• _Data provided_:
▼▼▼

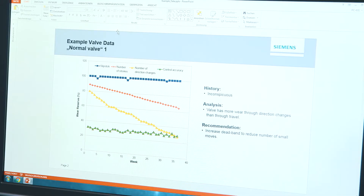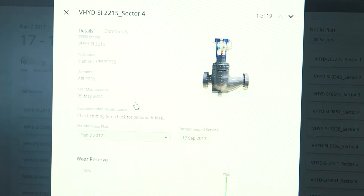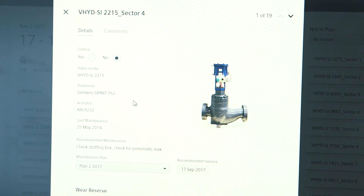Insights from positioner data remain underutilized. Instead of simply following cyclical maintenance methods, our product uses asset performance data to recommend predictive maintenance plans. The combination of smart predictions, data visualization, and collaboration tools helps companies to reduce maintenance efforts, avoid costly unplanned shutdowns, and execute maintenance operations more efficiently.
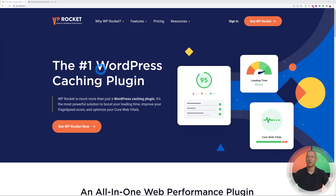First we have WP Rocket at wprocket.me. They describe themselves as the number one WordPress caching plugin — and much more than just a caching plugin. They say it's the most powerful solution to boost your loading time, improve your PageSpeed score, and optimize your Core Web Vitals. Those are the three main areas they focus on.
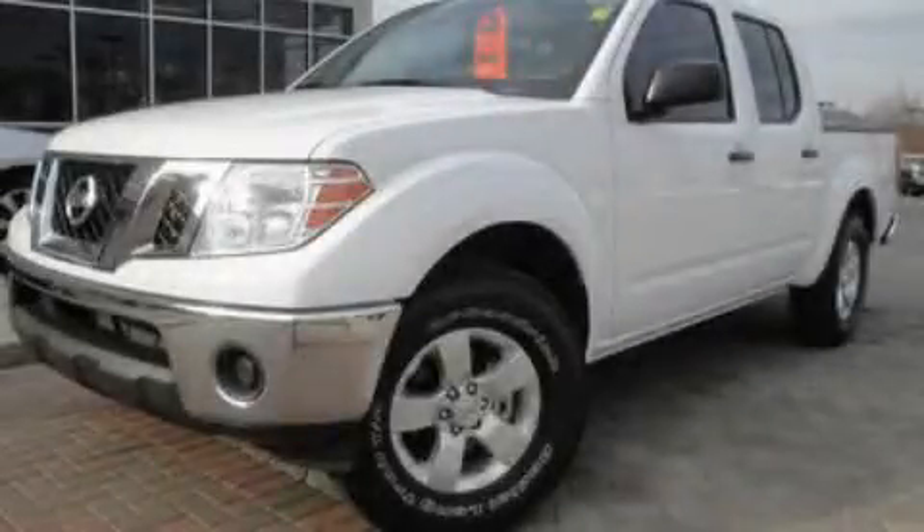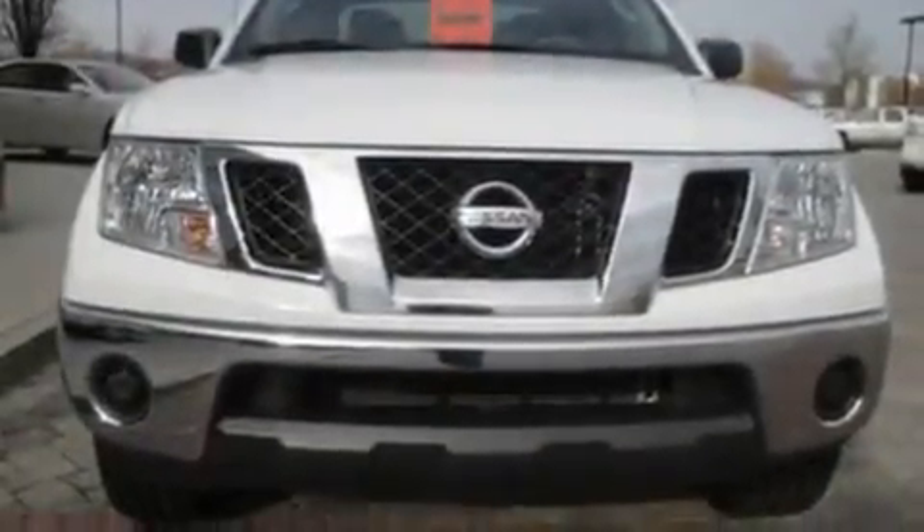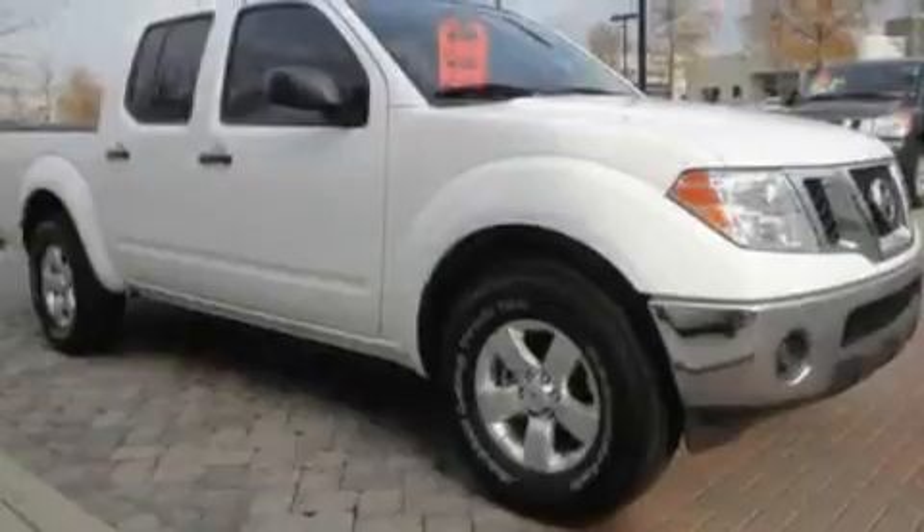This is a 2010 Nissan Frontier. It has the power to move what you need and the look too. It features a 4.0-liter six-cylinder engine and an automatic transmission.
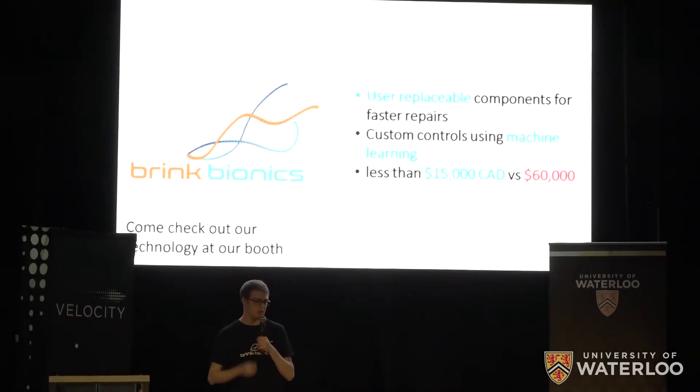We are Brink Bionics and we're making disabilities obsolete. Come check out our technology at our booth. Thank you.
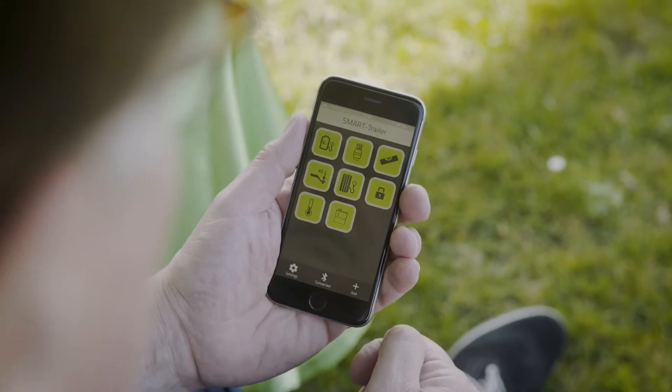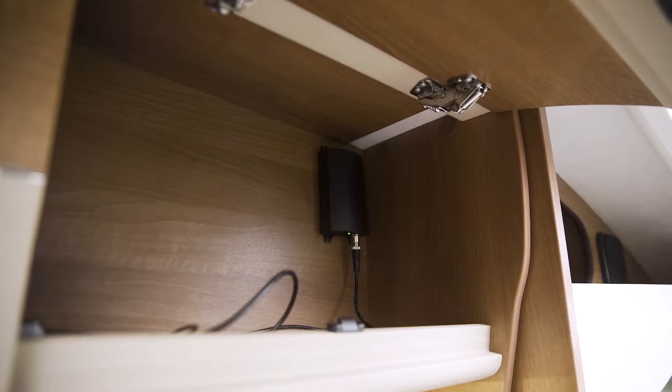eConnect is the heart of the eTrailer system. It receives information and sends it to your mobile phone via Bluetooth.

▲▲▲

• _Your goal_: Reproduce the whole listing above word for word, dropping each image.

• _Answer space_:
Insights from positioner data remain underutilized. Instead of simply following cyclical maintenance methods, our product uses asset performance data to recommend predictive maintenance plans. The combination of smart predictions, data visualization, and collaboration tools helps companies to reduce maintenance efforts, avoid costly unplanned shutdowns, and execute maintenance operations more efficiently.
First we have WP Rocket at wprocket.me. They describe themselves as the number one WordPress caching plugin — and much more than just a caching plugin. They say it's the most powerful solution to boost your loading time, improve your PageSpeed score, and optimize your Core Web Vitals. Those are the three main areas they focus on.
This is a 2010 Nissan Frontier. It has the power to move what you need and the look too. It features a 4.0-liter six-cylinder engine and an automatic transmission.
We are Brink Bionics and we're making disabilities obsolete. Come check out our technology at our booth. Thank you.
eConnect is the heart of the eTrailer system. It receives information and sends it to your mobile phone via Bluetooth.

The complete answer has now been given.